Newswise — A study in The Journal of Cell Biology reveals that the microRNA miR-7 suppresses gastric (stomach) cancer by inhibiting a key signaling pathway, and that this protective mechanism is compromised by the cancer-causing bacterium H. pylori. Finding drugs capable of inducing miR-7 could therefore prove to be an effective treatment against the progression of gastric cancer.
Gastric cancer is the fourth most common cancer and the third leading cause of cancer-related deaths worldwide, according to the National Institutes of Health. miR-7, which is frequently decreased in gastric cancers, can stop the cancer cells from spreading to other tissues by inhibiting a particular growth factor receptor (called IGF1R). Whether miR-7 also suppresses earlier stages of gastric cancer is unknown, however, so researchers in China screened for new targets of the microRNA.
Dai-Ming Fan and colleagues found that miR-7 directly targets the genes RELA and FOS, which encode proteins involved in the pro-oncogenic NF-κB and AP-1 signaling pathways, respectively. In human gastric cancer samples, low miR-7 levels correlated with elevated levels of RELA and FOS proteins and poor patient survival. Increasing levels of miR-7 reduced RELA and FOS levels and inhibited tumor growth in mice.

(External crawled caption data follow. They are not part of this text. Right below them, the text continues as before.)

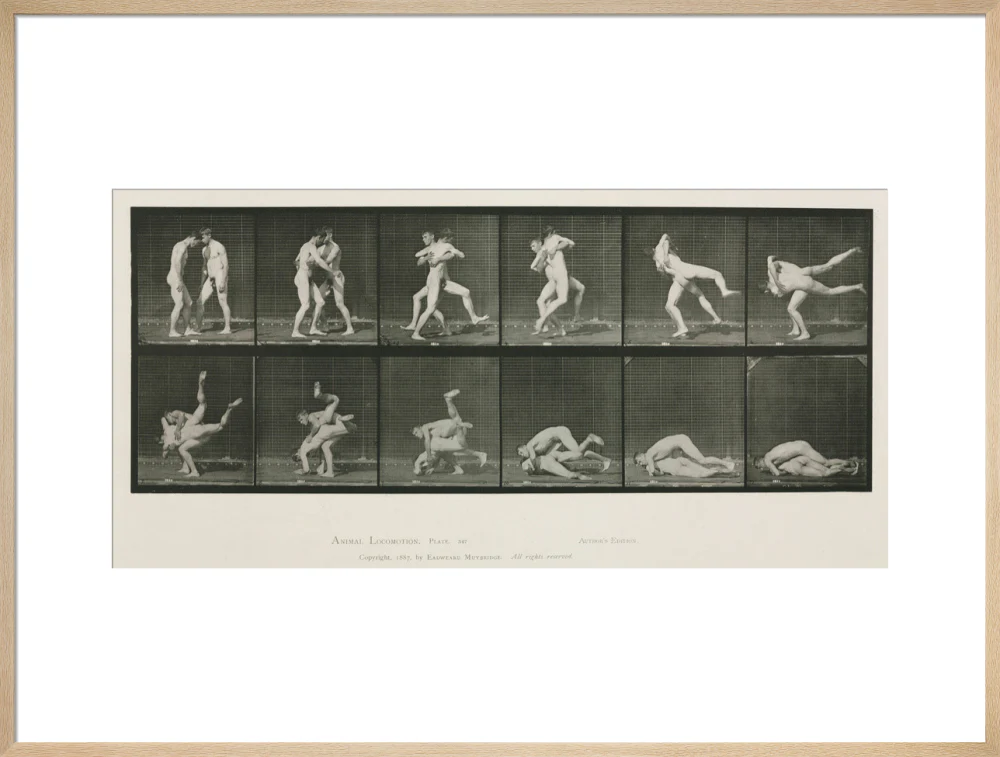 Time-lapse photographs of two men wrestling, 1872-1885. - Image 26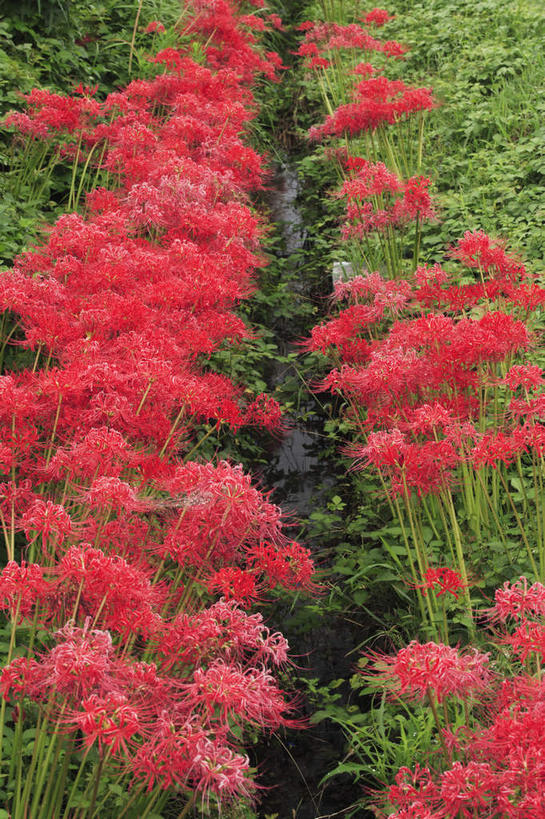 无人,竖图,俯视,室外,白天,旅游,度假,花海,花圃,美景,植物,叶子,日本,亚洲,许多,盛开,景观,水沟,沟渠,很多,花蕾,娱乐,花,花瓣,花朵,花卉,鲜花,红色,绿色,自然,花丛,花束,花田,花苞,花蕊,享受,休闲,景色,放松,自然风光,东亚,本州,本州岛,日本国,近畿地方,近畿,滋贺,滋贺县,蜘蛛百合,笹蟹百合,螫蟹花,水鬼蕉,蜘蛛兰,天生丽质,彩图,高角度拍摄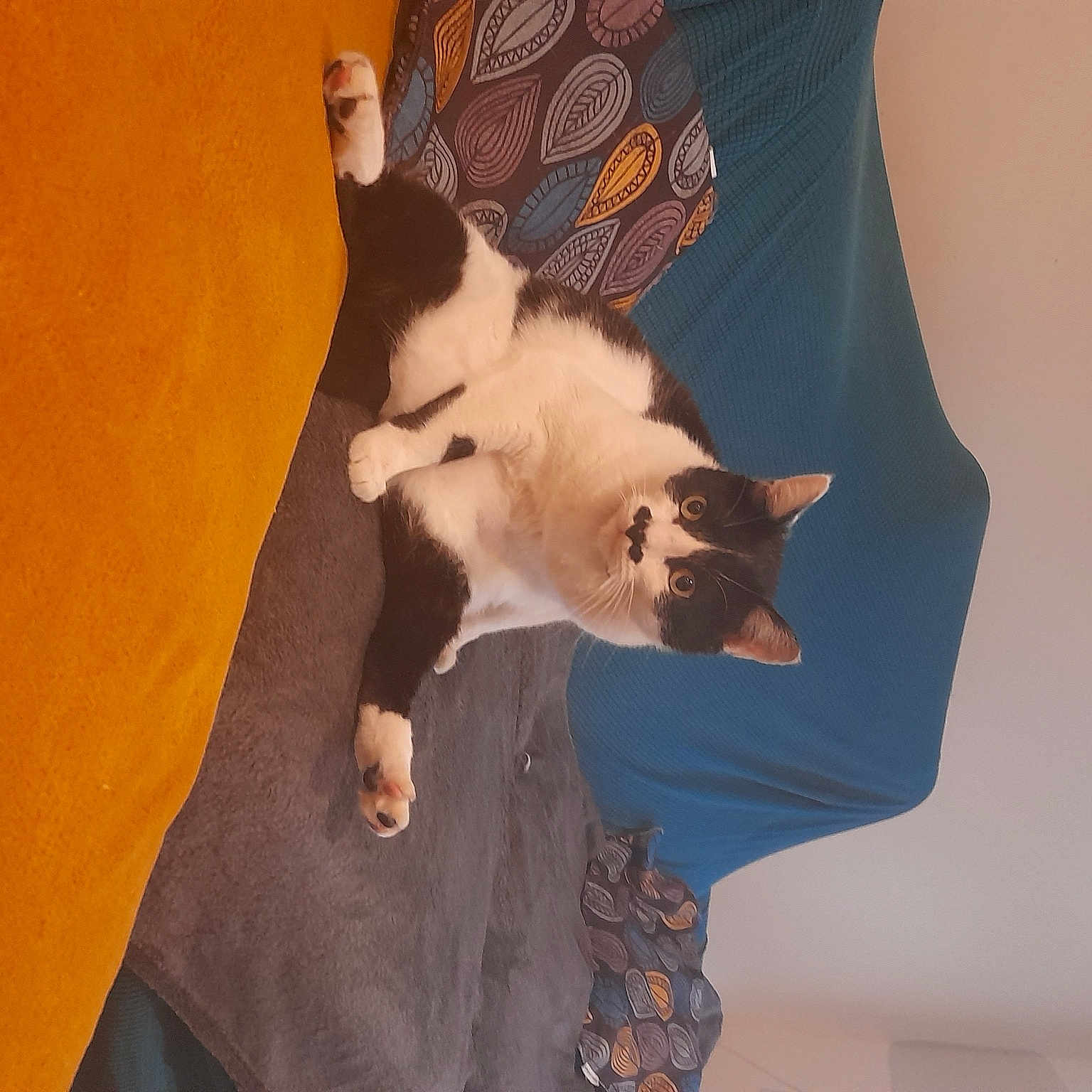 Maestro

The researchers found that, as well as directly suppressing RELA expression, miR-7 could control the protein’s activation by targeting its upstream kinase (IKKε) in the NF-κB pathway. Yet, this same pathway was itself able to repress miR-7 expression, indicating that miR-7 would be unable to restrain RELA’s activity if the NF-κB pathway were strongly activated.
Chronic H. pylori infection is a major risk factor for gastric cancer, in part because the bacterium can hyperactivate the NF-κB pathway. Accordingly, Fan and colleagues found that culturing H. pylori with gastric cells activated IKKε and RELA, and reduced the expression of miR-7, a potentially key step in the transformation of healthy gastric cells into malignant ones.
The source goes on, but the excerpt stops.